La excepción se explica por muchos motivos, más allá de la calidad de las obras reunidas para la ocasión. Lágrimas de Eros no es una muestra al uso de las producidas habitualmente por la Thyssen. Su comisario, Guillermo Solana, ha querido arriesgar una mirada tan compleja como lo requiere un tema para el que ha recuperado el título del último ensayo de Georges Bataille, quizás el último gran explorador literario de estos abismos. Para ello, ha procurado recorrer, sala por sala, todos los grandes mitos del imaginario del deseo a lo largo de la historia del arte.
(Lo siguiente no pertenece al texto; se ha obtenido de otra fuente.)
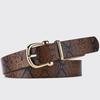Fashionable Snake Scale Pattern Belts for Woman 105cm Soft PU Belts Woman Coat Skirt Accessories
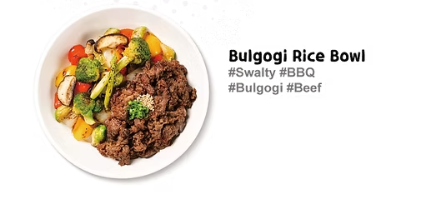 <p>Contains flame-grilled beef bulgogi: seasoned rice, flame-grilled beef, onion, bell pepper, mushroom, broccoli, Brussels sprouts, teriyaki sauce, and green onion. BBQ</p>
Desfilan, por tanto, el clasicismo grecolatino (Venus, Endimión, Apolo y Jacinto, Andrómeda o las esfinges, sirenas y ninfas); las fuentes cristianas (Judit, Salomé, la Magdalena, San Sebastián, San Antonio), personajes históricos (Cleopatra), literarios (Ofelia) y tópicos del erotismo artístico, como el tema del beso.

A través de todos ellos, Lágrimas de Eros exhuma todas las orientaciones, prácticas y arquetipos sexuales enterrados bajo temas que, en bastantes casos, inicialmente carecían de la imantación erótica con la que han llegado hasta el presente. Heterosexualidad, homosexualidad, fetichismo, sadomasoquismo, "bondage", necrofilia o voyeurismo ofrecen los variables ángulos de entrada para un repertorio de obras cuyo núcleo está articulado en torno al siglo XIX. El motivo: en muchos casos, fueron los artistas y el gusto de esta centuria los que cargaron de fuerza sexual algunos de los viejos temas, impulsados por una poética que tiene algunas raíces barrocas, pero que sobre todo enlaza la pasión romántica por el binomio amor/muerte con el erotismo artístico contemporáneo a través del simbolismo y el surrealismo.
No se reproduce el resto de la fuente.